Kinda got basic setup. Just using the NPC dialogue stuff atm.
Client would fire the RemoteEvent whenever a task has been done
UpdateStoryProgress:FireServer('Dialogue', NPC)
Then on the server
local function Update(player, event, ...)
local User = PlayerData[player.UserId]
if not User then return end
local ExtraData = {...}
if event == 'Dialogue' then
local NPC = ExtraData[1]
local Character = player.Character
if not Character then return end
local Distance = (NPC.PrimaryPart.CFrame.Position - Character.PrimaryPart.CFrame.Position).magnitude
if Distance > 8 then return end
print('Player is within distance')
User.StoryProgress = User.StoryProgress + 1
end
end
My last question would be how can I use the players current story value to also make sure that the right story is being done?
Could I fire from the client like the stories description
UpdateStoryProgress:FireServer('Dialogue', NPC, "Go to talk to Ol' Mate")
and then on the server check something like this
Story = {
[0] = {Objective = "Go to talk to Ol' Mate"},
[1] = {Objective = "Go kill a mob"},
[2] = {Objective = "Go back to Ol' Mate"},
[3] = {Objective = "Go to the forest"},
}
-- update function
local function Update(player, event, ...)
local User = PlayerData[player.UserId]
if not User then return end
local ExtraData = {...}
if event == 'Dialogue' then
local NPC = ExtraData[1]
local StoryLine = ExtraData[2] -- Go to talk to Ol' Mate
local Character = player.Character
if not Character then return end
local Distance = (NPC.PrimaryPart.CFrame.Position - Character.PrimaryPart.CFrame.Position).magnitude
if Distance > 8 then return end
print('Player is within distance')
-- Somehow go through the 'Story' table and see if the Objective matches the StoryLine, and then check to make that Objectives number is == to the players current story?

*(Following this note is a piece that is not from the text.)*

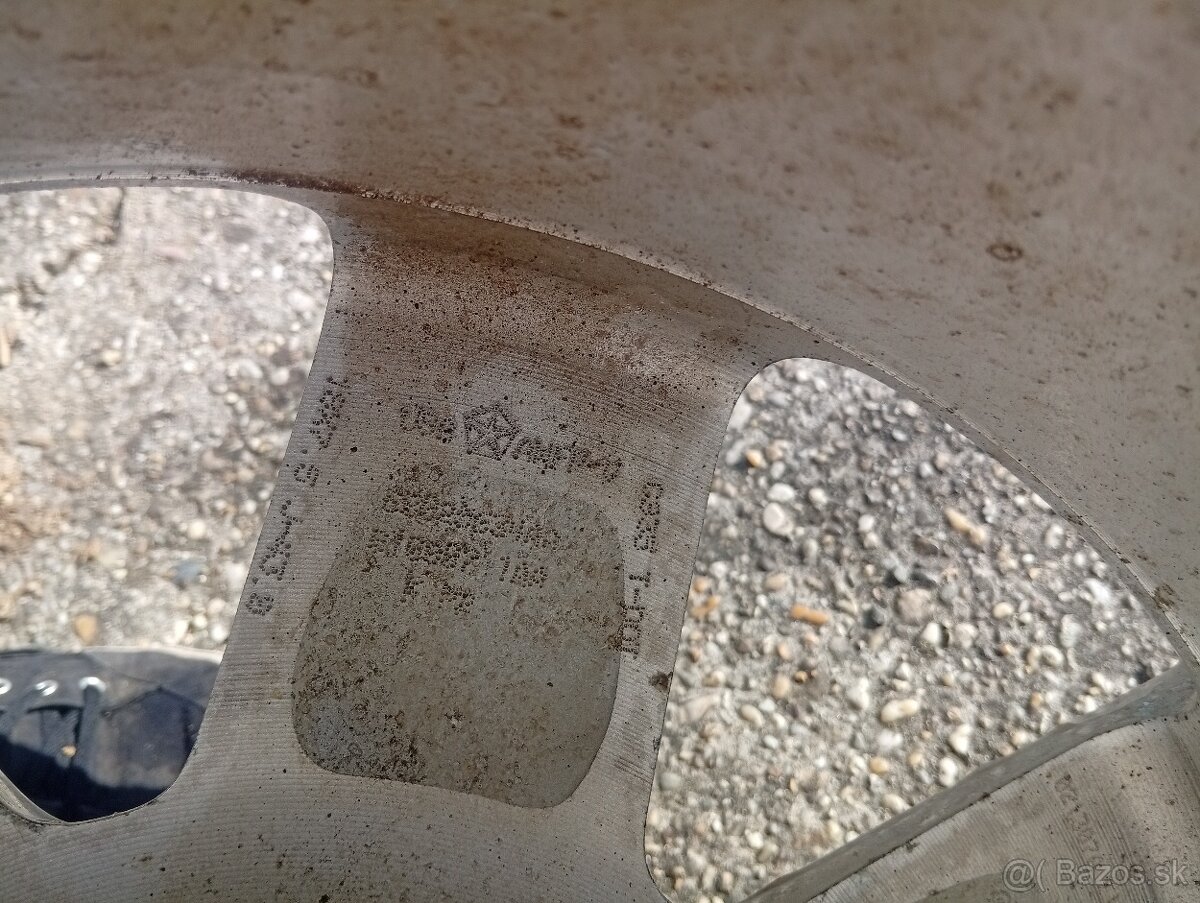 Rezervné koleso Jeep Grand Cherokee - 3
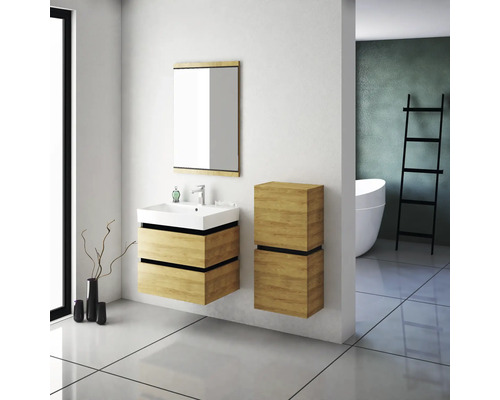 Moderní koupelna s umyvadlem, zrcadlovou skříňkou a vysokou skříňkou v dřevěném designu.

User.StoryProgress = User.StoryProgress + 1
end
end
Well if you have what NPC it is talking to, could you not also hold the NPC in the StoryLine table like you were with the objective, then check if the NPC matches the object in the table with the StoryProgress index?
Something like this?
[0] = {Objective = workspace.NPCs["Ol' Mate"], Description = "Go to talk to Ol' Mate"},
Yeah, that’d probably work just fine.
local Globals = game.Worspace.Globals
local if Allowed = true
local function Update(player)
if Allowed = true then
Allowed = false
local User = PlayerData[player.UserId]
if not User then return end
if player = P1DataFolder.PlayerID.Value then
local Update = game.WorkSpace.P1DataFolder
end --repeat this for each player.
if Update.Checkpoint.Value = 1 and Update.Gold.Value >= Globals.ProgressCost.Value and etc etc etc etc then
User.StoryProgress = User.StoryProgress + 1
end -- this if statement checks everything needed to allow them to progress
wait(5) -- time they must wait before running all that code again.
Allowed = true
end
end
UpdateStoryProgress.OnServerEvent:Connect(Update)

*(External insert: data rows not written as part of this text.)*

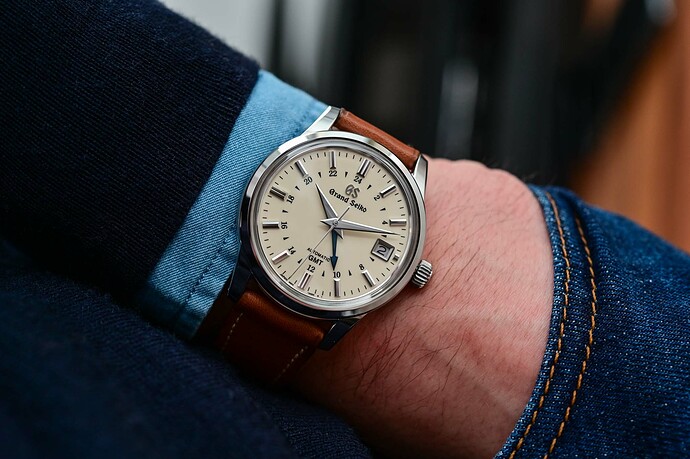 Grand-Seiko-Elegance-GMT-SBGM221-review-3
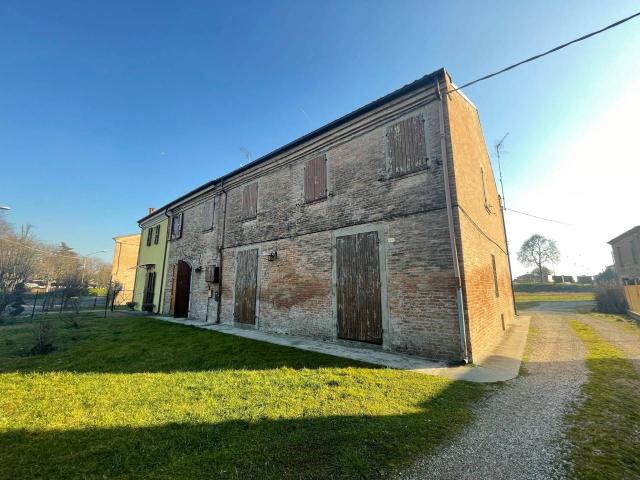 Casa indipendente 15 vani 500mq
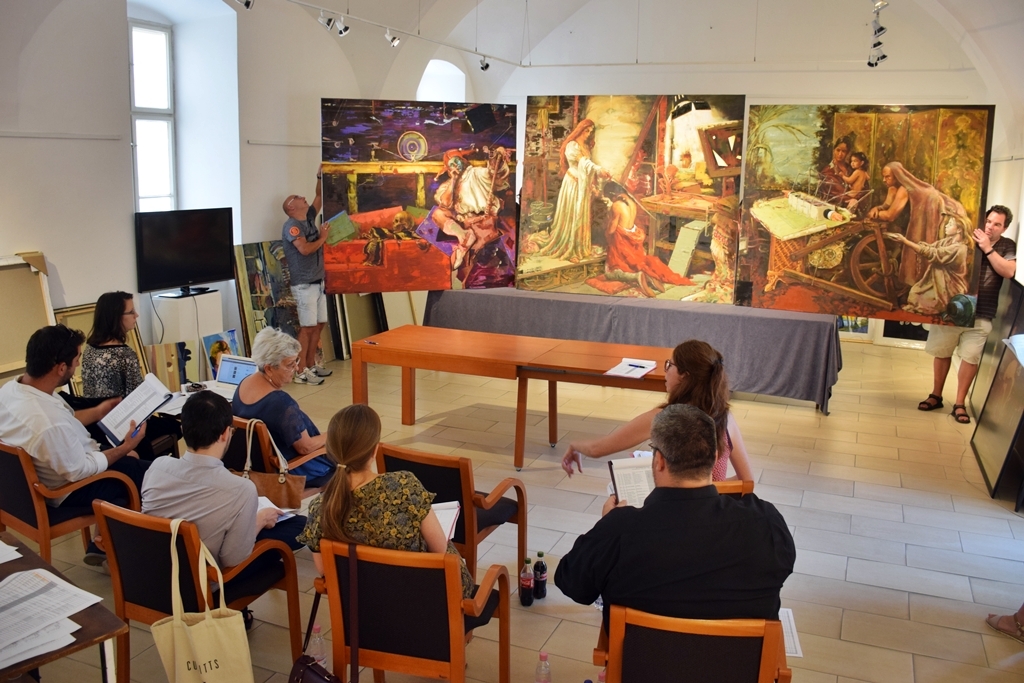 Csaknem háromszáz alkotó nevezett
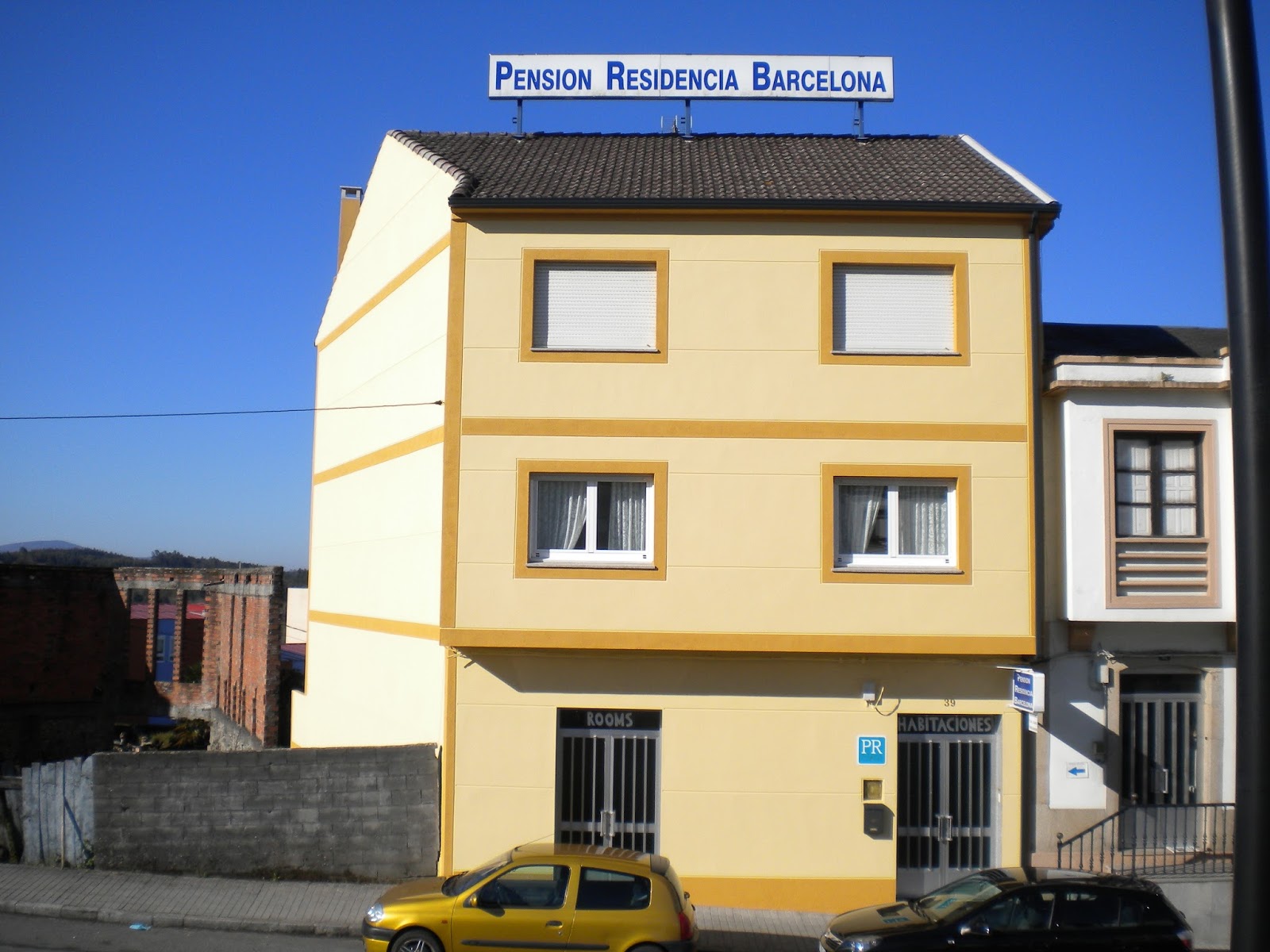 PENSIÓN RESIDENCIA BARCELONA, pension accommodation in Palas de Rei on the Camino Frances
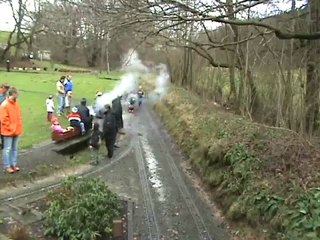 Öl Heinrich zieht amerikanische Güterwagen im Huserland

The key is to have all your checks serverside. Make sure they have made it to the correct checkpoint etc. All the criteria you want before you allow them to proceed.

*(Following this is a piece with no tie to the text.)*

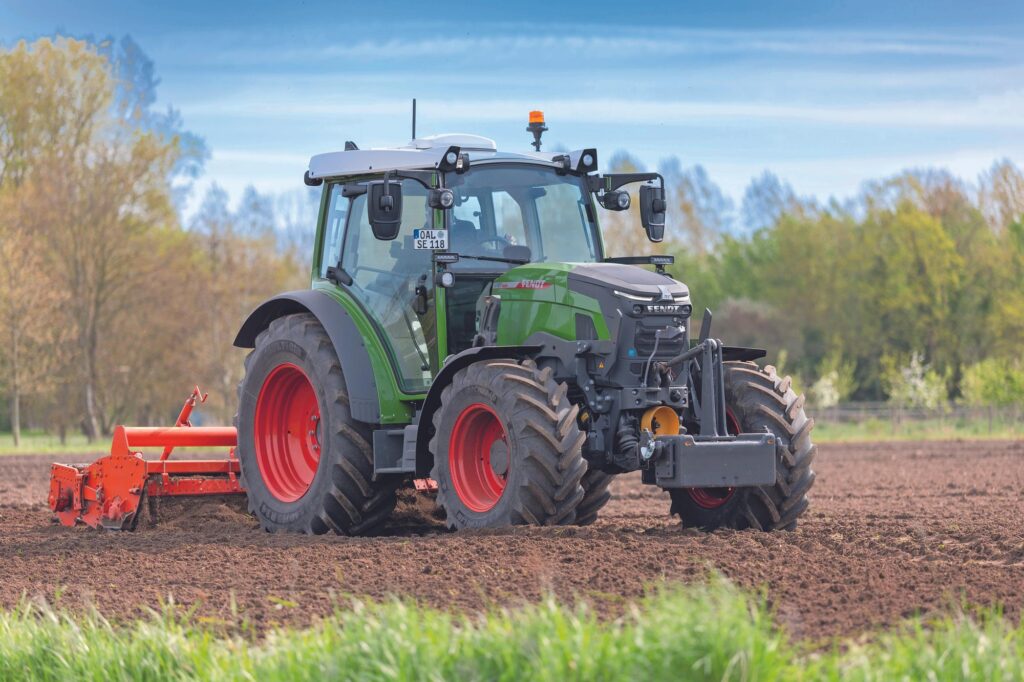 Fendt e107 Vario Electric Tractor Demonstrates Battery Power for Autonomous Field Robots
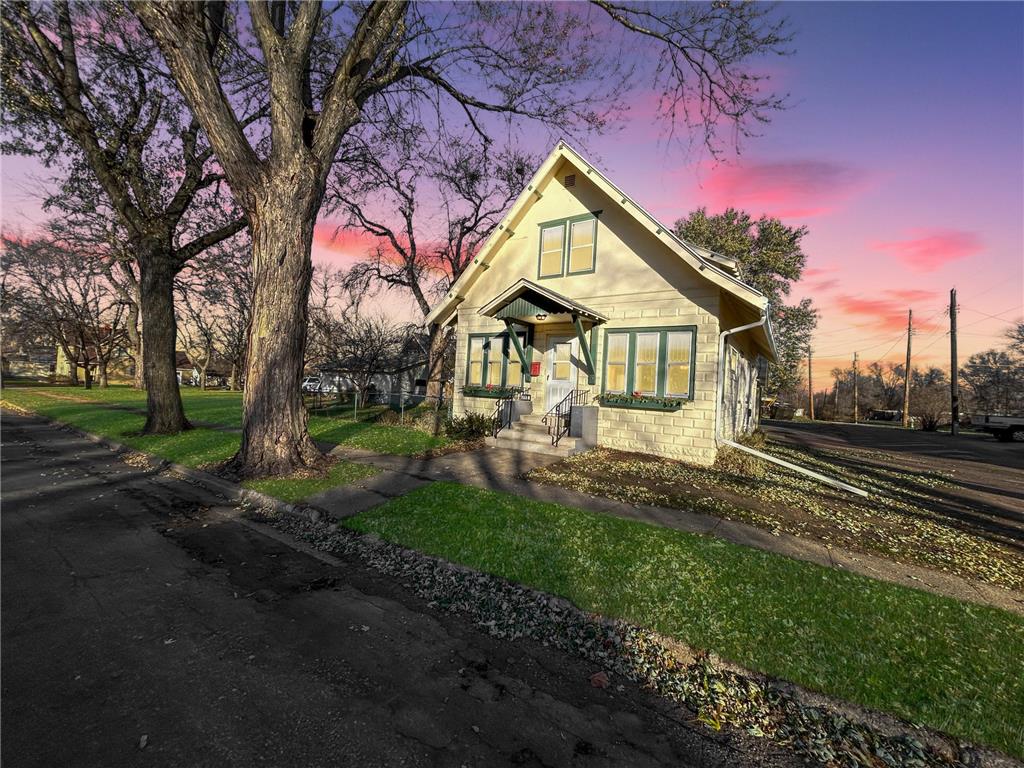 127 E Snelling Avenue Appleton MN 56208 6461282 image1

Also have the time limit on how often the server will run all the code. They can spam it all they want but they don’t lag out the server.
I wouldnt be able to do that with mobs for example, as they are randomly generated, and not preplaced in game
Try giving each mob an ID and associating the ID with the mob you generate. Then check if the mob that was killed has the same questId or whatever as the one in the current step table. When I say an ID for the mob, I don’t mean a single ID for every mob generated but instead a mobId for like a quest mob. Try putting a IntValue in the mob object and making it the index of the step. Then you can check if that IntValue equals the current StoryProgress.